To the faculty and staff with us today: Thank you for all that you have done to make this day possible and meaningful for our graduates. You are a superb group of colleagues and an extraordinary faculty who have offered to these graduates the gift of your knowledge.

You taught them how to think deeper, to articulate with eloquence and passion, to write with force and grace, to apply quantitative skills and to use technology. In doing so, you offered these graduates one of the very best educations in America.

For my part, it has been an honor and a rare privilege to stand with you for these past six years.

A brief word to my wife as well. I want to publicly acknowledge and thank you for your support, for after nearly 20 years of presidencies, including these last six at Bucknell. Maryjane, you migrated from a robust and distinguished career in health care to at best an ill-defined role in American higher education as presidential spouse to allow me to do something where I believe that my skills might do some good.

You did so, I think, by crafting this journey as an adventure that the two of us could share. Through good times and through bad, you were an extraordinary model of discretion, intelligence, grace and good humor.

To our graduates: We were determined to honor the requests from so many of you to remain long enough to be present today to hand you your degrees.

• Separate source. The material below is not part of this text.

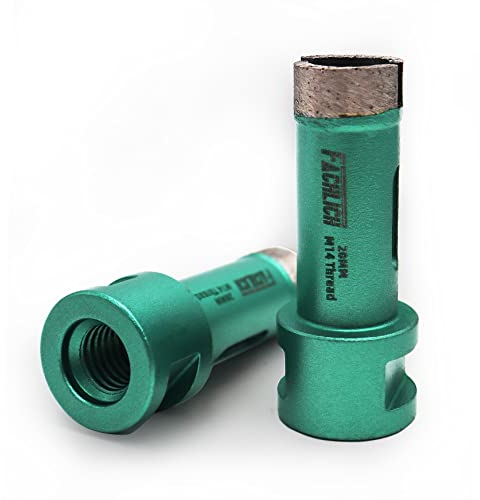 FACHLICH Diamant-Bohrkronen Fliesenbohrer 20mm 2 Stücke Lochsäge M14 Gewinde für Beton Arbeitsplatten Marmor Granit Künstlicher Stein Fliese Ziegel Kalkstein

And I now can tell you as I look out over the audience today, it was so worth it. We could not be more pleased for or more proud of you than we are at this moment. And we trust that you will always remember us as we will always, always remember you.

Graduates, you leave this University, your University, carrying on a tradition of excellence. Go forward with confidence. Do great things, large and small. You are Bucknellians. We congratulate you and we wish you the very best.

To the audience: ladies and gentlemen, now please join me one last time in congratulating the Class of 2010.